# Relationship help ENFP and INTP



## Boo2 (May 1, 2010)

Hi, I'm new here and need some advice!

I was introduced to MB tests by my boyfriend of 3 months who is heavily into it (testing me after our 3rd date lol). I kept coming up as an ENFP and really I do think that that is an accurate assessment of my personality (although I do like some alone time to chill and reflect). My bf is an INTP and seems to be just like the profile (although he can be quite sociable).

When we met we where both amazed by how quickly we connected and how suited we are...thinking the same things ...likeing alot of the same stuff etc...both admitting that we have never encountered such a relationship in our adult lives... the passion, stimulation, interest, comfort and understanding was instant.
So what's the problem?? Well....we see each other daily and it's fab and thanks to my open communication and his willingness to participate we have understood our differences more and have not encountered even the mildest form of conflict. Until yesterday, that is. We had a disagreement whilst out with friends (I was with mine and he with his, and we grouped up towards the end of the evening). I made a sarcastic comment about his friend (as he was more interested in ensuring that he got him home safely and no consideration for whether I got home OK...we don't live near each other), so I simply said for him to go and take care of his friend in a sarcastic tone, whilst turning away from him. He then analysed this for about 5 mins then came to me and ranted on based totally on incorrect facts (i.e. what he was saying about why I made the comment was wholly incorrect).....anyway....I told him that there was no place in my life for anyone to talk at me like that and to not consider my welfare and I left. 
I woke up today feeling angry with him....by the afternoon I was sad...and wanted to sort things out...communicate. Knowing it would not be easy I wrote a 5 page letter explaining how I felt and why (circumstances.....his lack of enthusiasm towards me this week due to over-work, and not considering me even though I had a couple of serious challenges to overcome during the week, and yet I'd supported him helping with his work). But I also detailed how I understand that that was not a problem as I am aware of how he handles pressure at work and finds it difficult to show emotion etc...but I just described the reason behind my response. 

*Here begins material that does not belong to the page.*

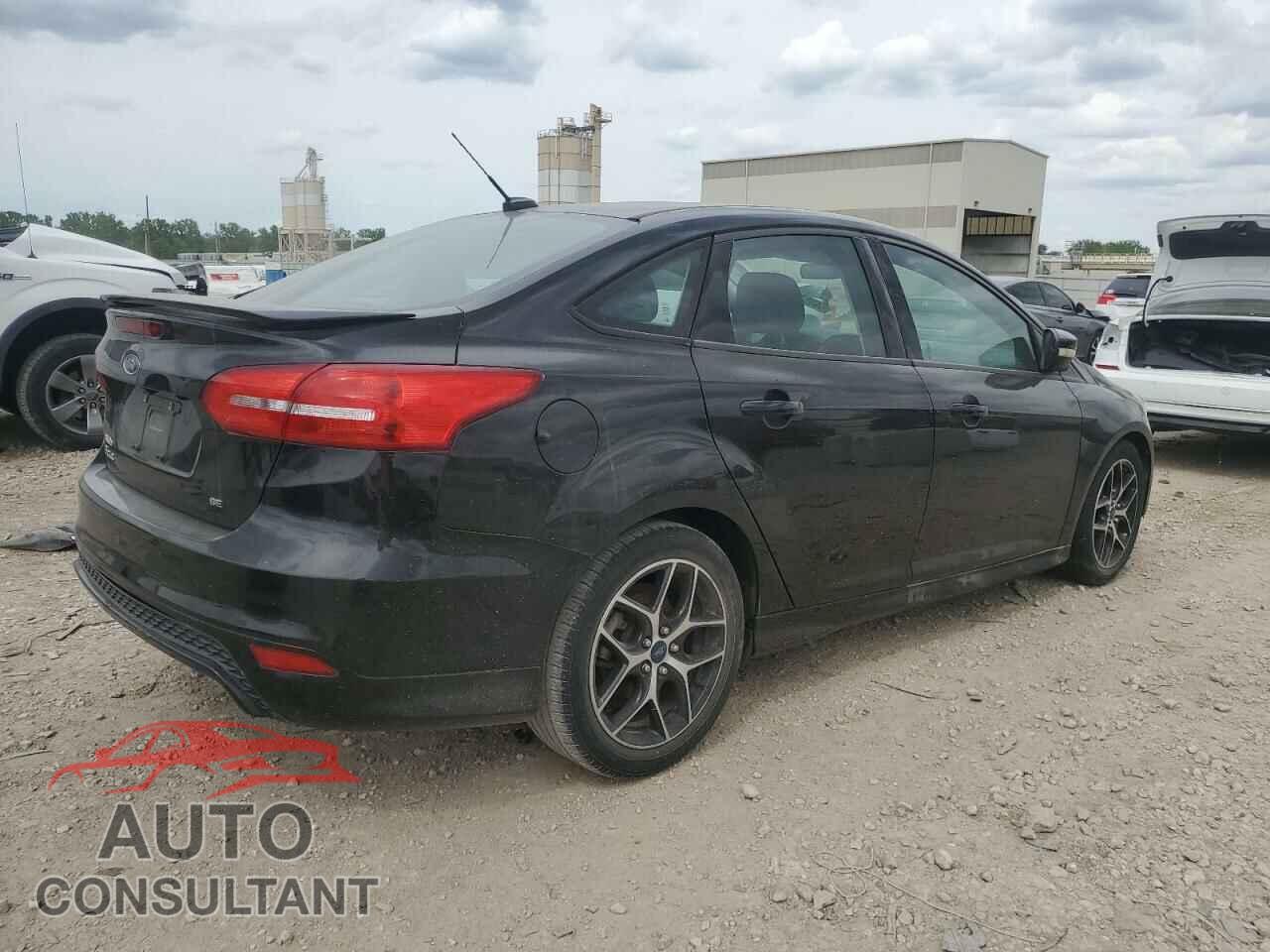 FORD FOCUS 2015 - 1FADP3F24FL275388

The letter was descriptive and constructive, ending positively and with a request that we sort it out before this problem grows bigger than it should be.

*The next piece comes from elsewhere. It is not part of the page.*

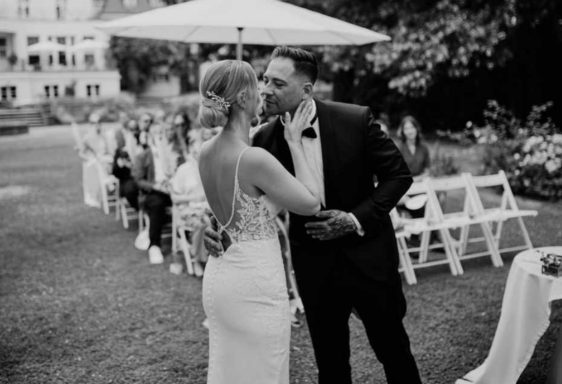 Trauungszeremonie Hochzeitszeremonie im Freien, Braut und Bräutigam stehen sich anmutig gegenüber.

He did not respond to my letter, just a text stating that we will talk tomorrow (we where supposed to be spending the evening together at a friends party) as it was not the right time to address this. 
I feel angry because he was out of order last night and has withdrawn and is even angry with ME!
I am worried that he may wish to split up, when all I wanted was an apology.
Is it possible for an INTP to change their emotions so quickly? My gut feeling was that we where not as close this past week and I wanted to reconnect at the weekend. (I usually have ended any previous relationships as I withdraw, he has stated that the same is with his past relationships....but he is very special to me and I need help and[/font] guidance on how to best sort this.
any advice would be welcomed!
:sad


----------



## 2ds (May 2, 2010)

Wow I have so many things I can add to this =D

First of all, INTP and INFP's have _the_ lowest number of happy partners, your intp probably is going to be a bit of a rocky ride but many people find them rewarding in the long run.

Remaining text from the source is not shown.